Comme prévu dans le plan d’action de lutte contre l’agrile du frêne, lorsque l’espace est suffisant, un arbre sera éventuellement planté pour remplacer chaque frêne abattu, précise-t-on dans un communiqué de presse.

Rappelons qu’une collecte spéciale de résidus de frêne d’un diamètre inférieur à 20 cm a été organisée par la Ville de Sherbrooke entre le 29 octobre et le 2 novembre.

Dans ses dépenses en immobilisations, l’administration du maire Steve Lussier avait prévu l’injection de 150 000 $ pour poursuivre le combat contre l’agrile du frêne en 2019.

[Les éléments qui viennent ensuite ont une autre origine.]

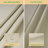 Outdoor Patio Umbrella Cover-1440435647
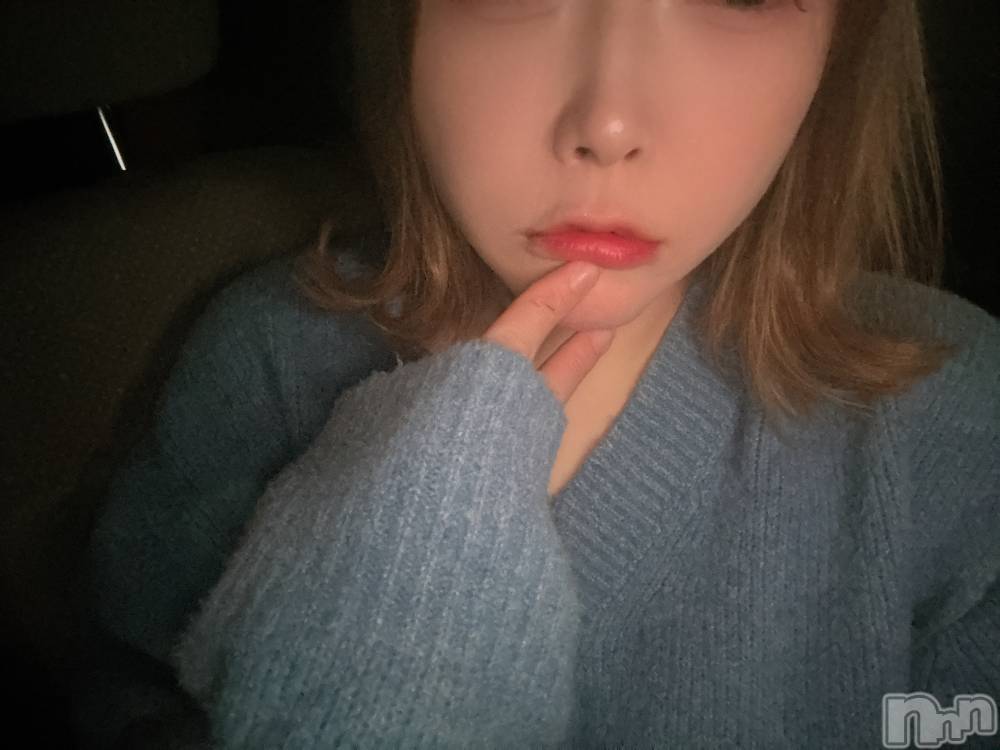 長岡デリヘル長岡人妻市(ナガオカヒトヅマイチ) めい★プルプルの唇&ロリ顔(31)の10月18日写メブログ「驚愕価格」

En septembre dernier, la Ville a modifié son règlement concernant l’agrile du frêne, qui est présent sur le territoire depuis plus longtemps qu’on le pensait. Le nouveau règlement éliminait ainsi le délai pour l’abattage de frênes atteints, interdit l’abattage de frênes sains, sauf si les arbres sont remplacés, et le traitement au TreeAzin sera possible pour tous les propriétaires qui souhaitent garder leur frêne.

Les propriétaires privés doivent par ailleurs obtenir un permis d’abattage pour tous les frênes de plus de 10 cm et il est interdit de procéder à l’abattage entre le 31 mars et le 31 octobre.